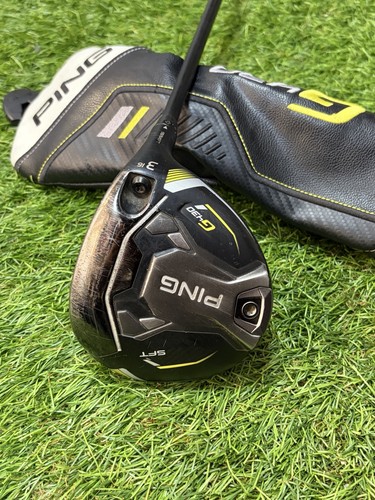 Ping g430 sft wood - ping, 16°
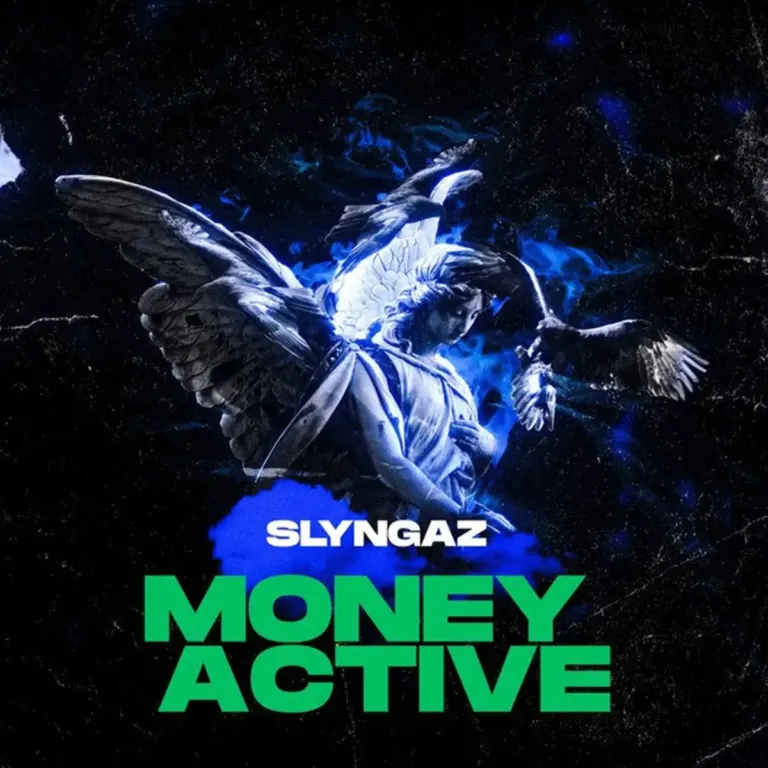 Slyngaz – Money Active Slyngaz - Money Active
--
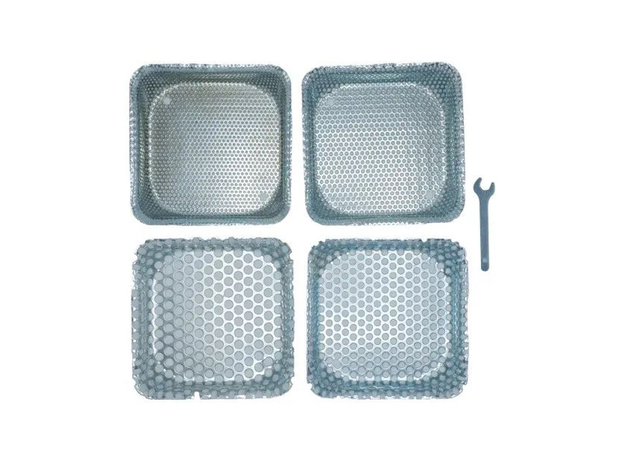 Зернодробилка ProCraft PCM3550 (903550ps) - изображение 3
--
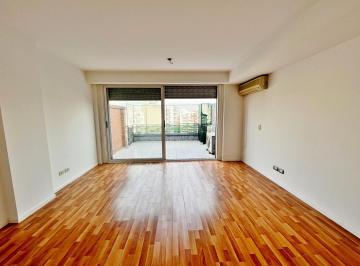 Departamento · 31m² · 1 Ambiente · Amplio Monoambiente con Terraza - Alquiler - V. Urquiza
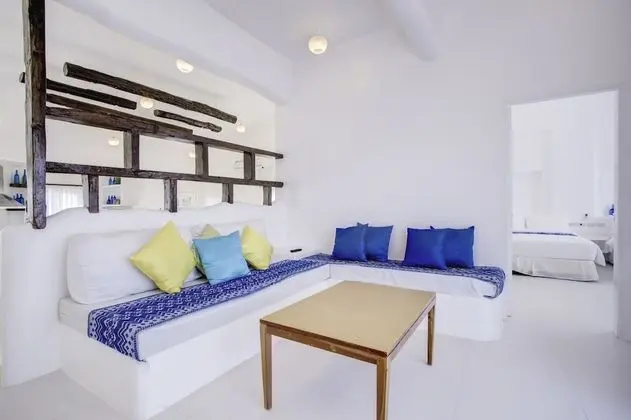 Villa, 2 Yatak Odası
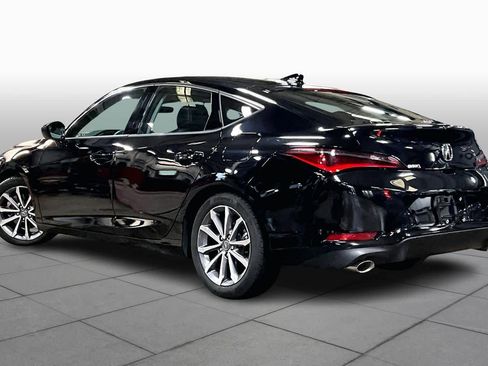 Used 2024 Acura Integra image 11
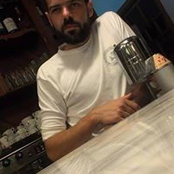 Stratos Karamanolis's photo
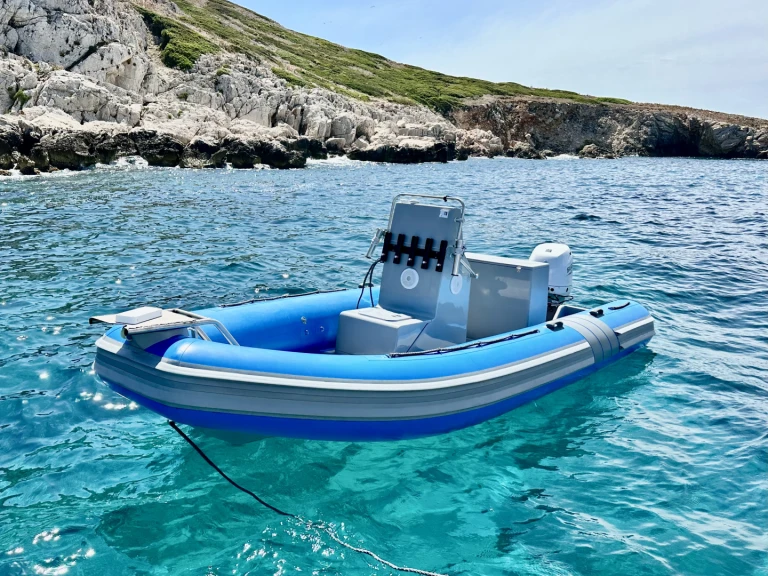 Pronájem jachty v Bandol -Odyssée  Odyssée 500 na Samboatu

#### Exercise requirements
Working from the data above, repeat exactly, and only, the lines that begin at the line containing "Ping g430 sft wood - ping, 16°" and stop after the line containing "Slyngaz – Money"; pictures are not copied.

#### Solution to this exercise
 Ping g430 sft wood - ping, 16°
 Slyngaz – Money Active Slyngaz - Money Active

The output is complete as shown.